4. Wilt thou then suffer thyself, till thou hast made full satisfaction? But how shall that satisfaction be made? Shall it be by any calamities to be endured in this mortal, momentary life? Is the justice of God then esteemed so little a thing, that the sorrows of a few days should suffice to answer its demands? Or dost thou think of future sufferings in the invisible world? If thou dost, that is not deliverance; and with regard to that, I may venture to say, when thou hast made full satisfaction, thou wilt be released.
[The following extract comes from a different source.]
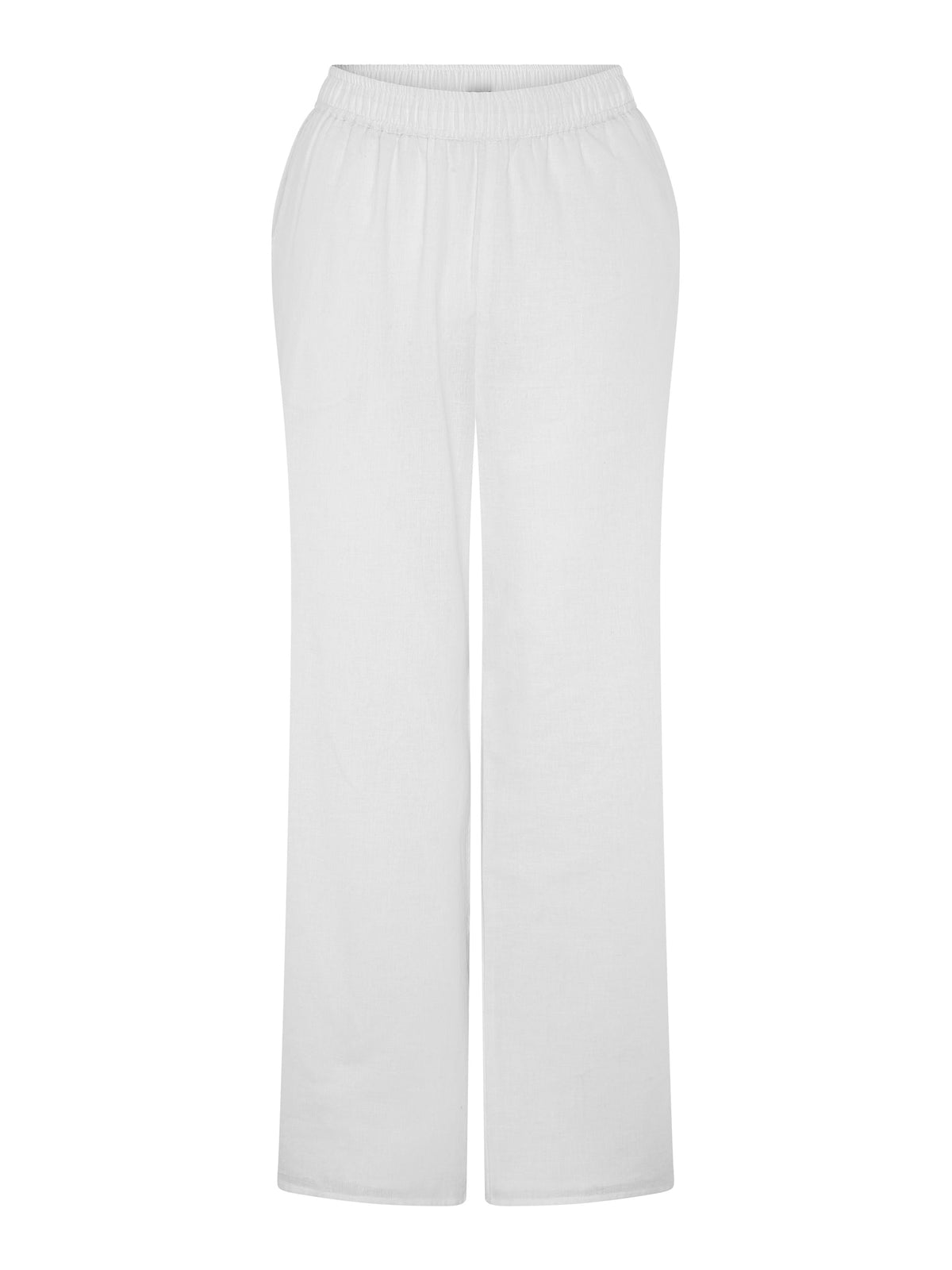 Ramela Elasticated Waist Linen Trouser in White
When thou hast paid the uttermost farthing of that debt, thy prison-doors shall be opened; but in the mean time, thou must "make thy bed in hell.” (Psalm cxxxix. 8.) and, oh! unhappy man, wilt thou lie down there with a secret hope, that the moment will come when the rigour of Divine justice will not be able to inflict any thing more than thou hast endured, and when thou mayest claim thy discharge as a matter of right? It would indeed be well for thee if thou couldst carry down with thee such a hope, false and flattering as it is; but, alas! thou wilt see things in so just a light, that to have no comfort but this will be eternal despair. That one word of thy sentence, "everlasting fire;" that one declaration, "the worm dieth not, and the fire is not quenched;" will be sufficient to strike such a thought into black confusion, and to overwhelm thee with hopeless agony and horror.